Uma luz pontava do final do corredor, o trem já estava vindo. De repente, as pernas começaram a vacilar, na cabeça mil pensamentos. Parou, abriram-se as portas. Ele entrou. Sentou em uma das cadeiras azuis com a cabeça muito longe dali. Em menos de cinco minutos ele estaria na estação da Liberdade. Uma senhora senta-se à sua frente. Os dois se olham. Ele pensa que ela pode ler o medo que está tomando de conta dele. Nunca fora um homem muito corajoso, mas era frio e não deixava transparecer facilmente seus pensamentos. Dessa vez, parece que fora descoberto.

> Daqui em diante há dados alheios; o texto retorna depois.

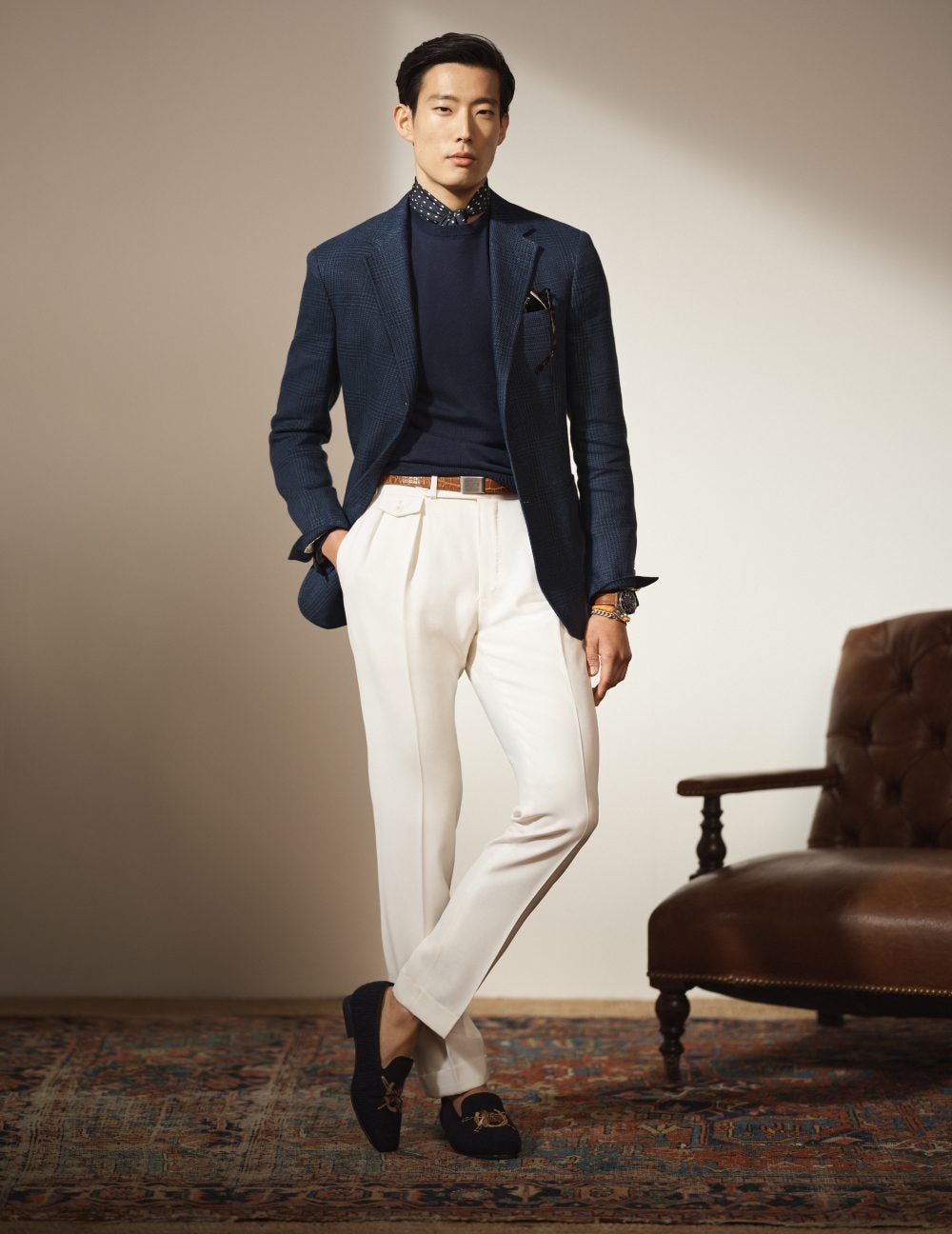 Man wears a navy blue sport coat and white pants.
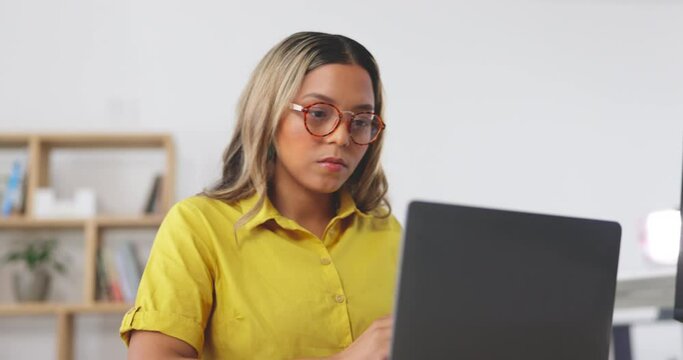 Woman, laptop and typing for email, research or business communication or proposal at the office. Focused female working on computer in creative startup, networking or administration at the workplace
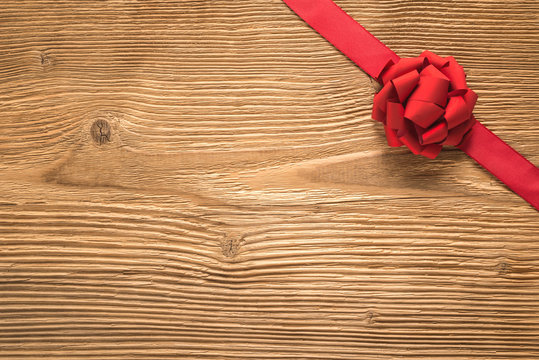 Red ribbon and bow over wooden background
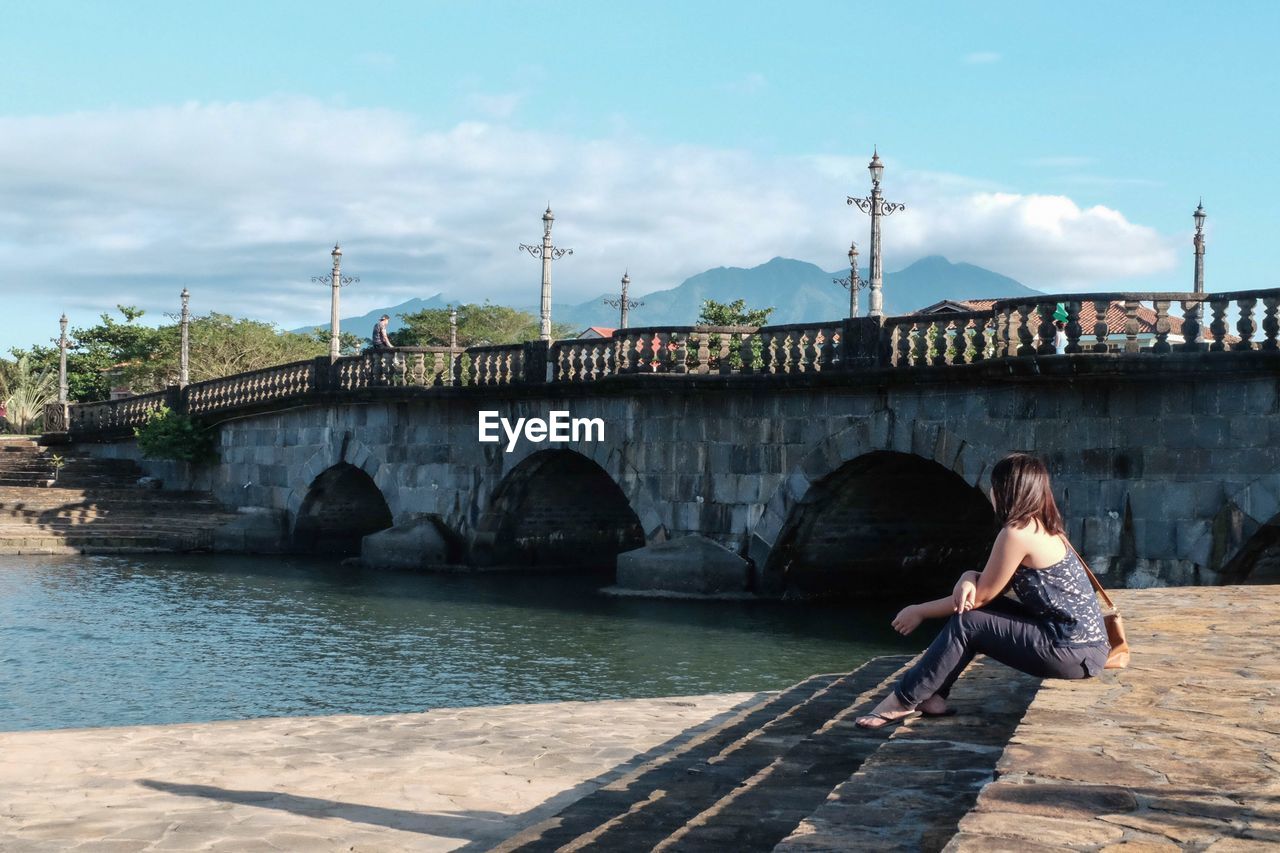 Side view of woman sitting on promenade besides bridge by river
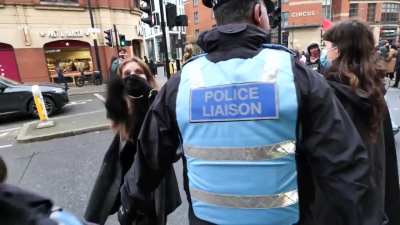 Guy doesn't like protestors, protestors doesn't like guy, arguments and scuffle ensues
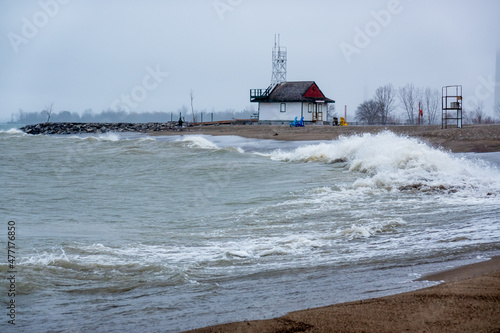 Winter waves arrive on the shore of Lake Ontario in Toronto’s iconic Beaches neighbourhood as a small snow storm begins. Shot in in late December
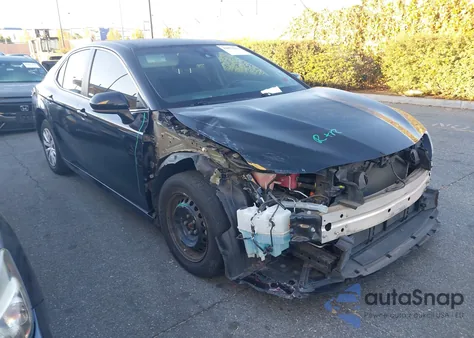 2018 Toyota Camry Hybrid Le z USA, uszkodzony, nr VIN 4T1B31HK9JU502572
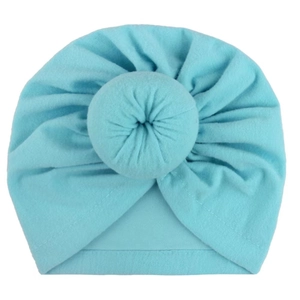 Close-up of baby turban hat featuring a decorative donut knot in soft light blue fabric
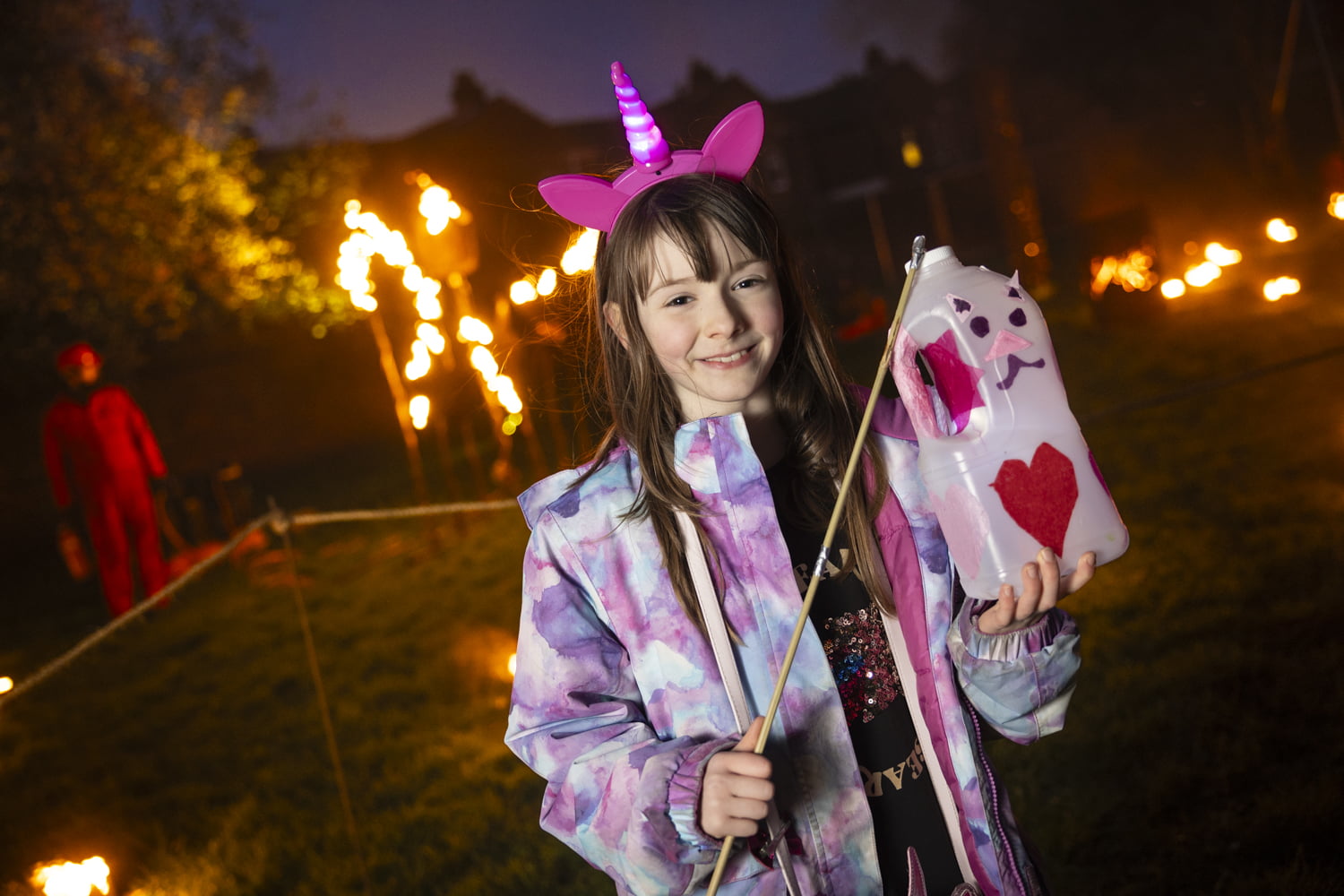 Girl holding homemade lantern in the Fire Garden at Illuminate 2024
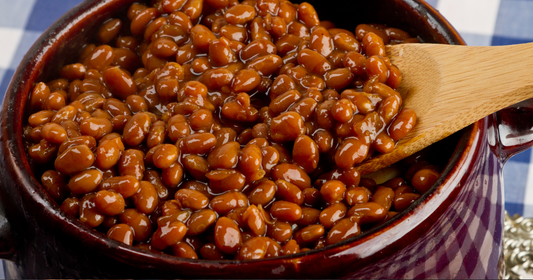 Deliciously baked beans in a brown sauce in a bean pot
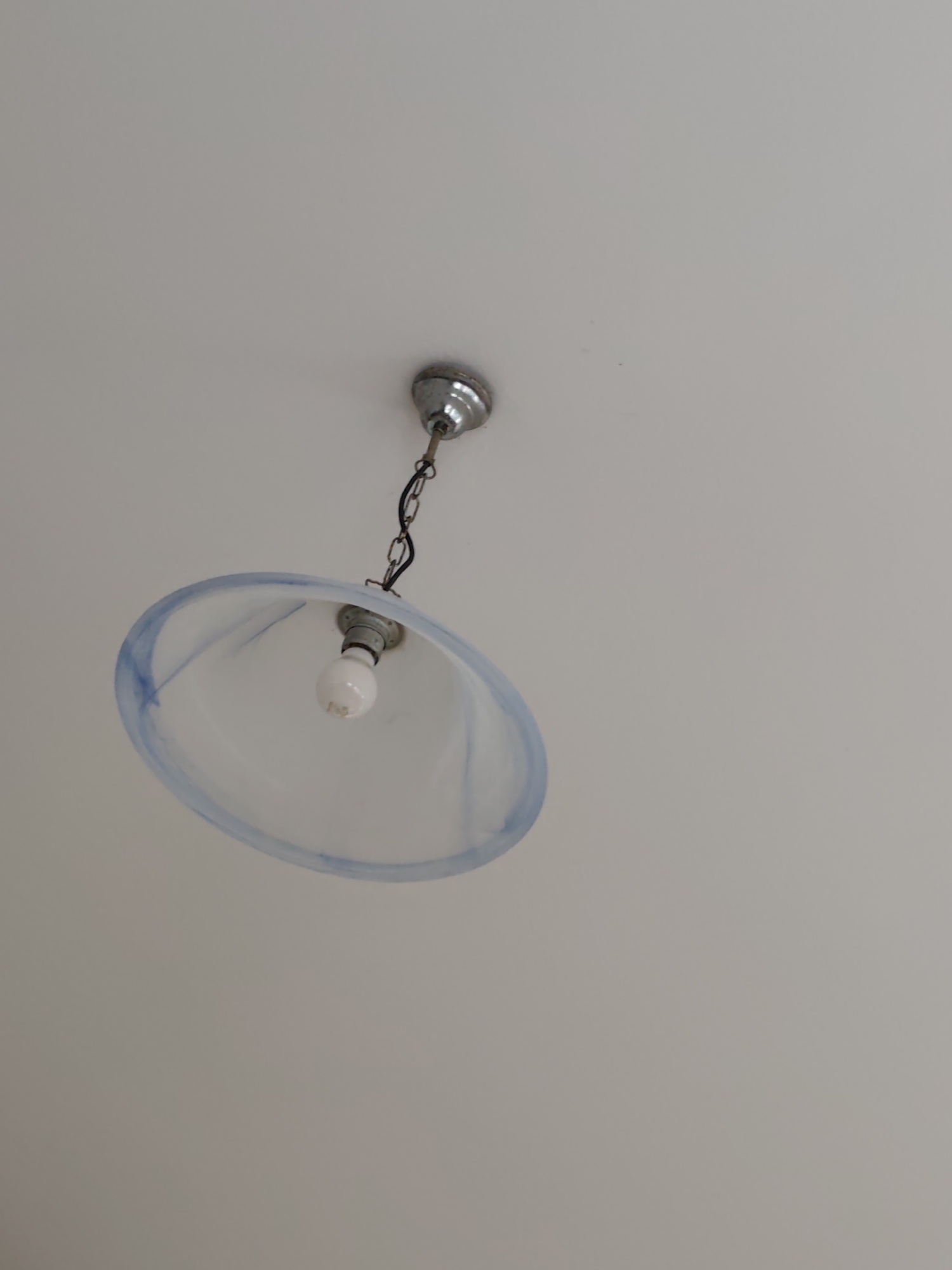 This media file shows a close-up, low-angle shot of a hanging light fixture against a plain, light-colored ceiling. The fixture consists of a chrome-colored ceiling mount, from which a black chain suspends a light blue and white glass lampshade. Inside the lampshade, a single, white, light bulb is visible. The lampshade has a somewhat oval or bowl shape, with a translucent quality and subtle swirling patterns of blue marbling. The overall scene is simple and domestic, with no people or significant activity taking place. The lighting suggests it could be daytime, as the ceiling is brightly illuminated, but the artificial light from the bulb is also present. There are no visible text elements in the image. The setting appears to be an indoor environment, possibly a home or a simple commercial space.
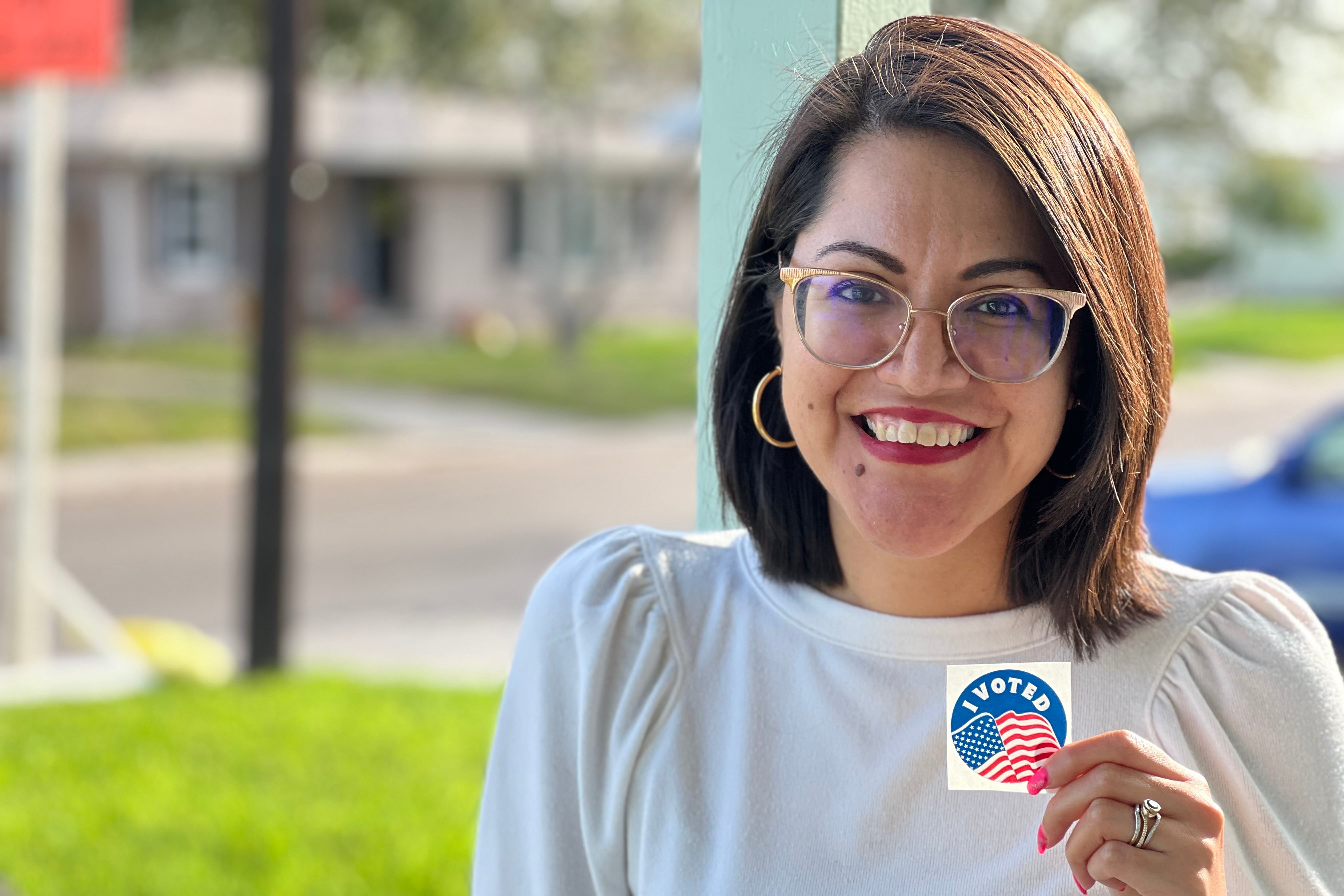 A woman with short brown hair and wearing a white blouse holds a sticker that says "I Voted" while posing for a photograph outside.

O trem parou. As portas de abriram. Se levantou e saiu. Subiu as escadas e encarou o vento frio da madrugada em seu rosto. Não tinha lembrado de trazer agasalho quando saíra do hospital. Só queria encontrá-la e dizer que não poderia mais viver sem ela. O amor ainda era uma coisa estranha para ele, um sentimento renegado por anos, mas que agora aflorava com toda a força. Começou a andar pelas ruas. Desertas, tudo era cinza. As paredes, as pessoas, a fumaça. Lembrou de como as paredes eram brancas no hospital, de como tudo parecia limpo, ele mesmo estava limpo, livre de dúvidas e de medo. Agora, aquele cenário cinza parecia sujo, cheio de substâncias ruins, como estava sua cabeça agora. Pensava no que falar quando encontrasse com ela. Daqui a pouco viria seu rosto, lindo como sempre, e, quem sabe, tocaria em suas mãos.

O último quarteirão se aproximava. Passavem por ele os últimos muros cinza, pensou sua mente estar agora mais limpa, mais decidida. Chegou. A porta vermelha parecia a mesma desde a última vez que estivera alia, fazia um mês. Apertou o botão da campainha. Passos pesados viam. Abriram a porta. Era ela, linda e serena, como sempre. Como ele se lembrava. Estava com o mesmo colar, o cabelo caindo sobre o ombro, a mão na maçaneta, um leve decote no colo. Os olhos estavam como ele aprendera a ler: surpresos, grandes e expressivos.

Aquilo era demais. Vê-la assim, tão perto depois de tanto tempo. Tantas noites frias longe dela. Lembrou de tudo isso. Da mesma maneira, esqueceu tudo o que vinha ensaiando falar. Só pôde abrir a boca e dizer "Eu te amo".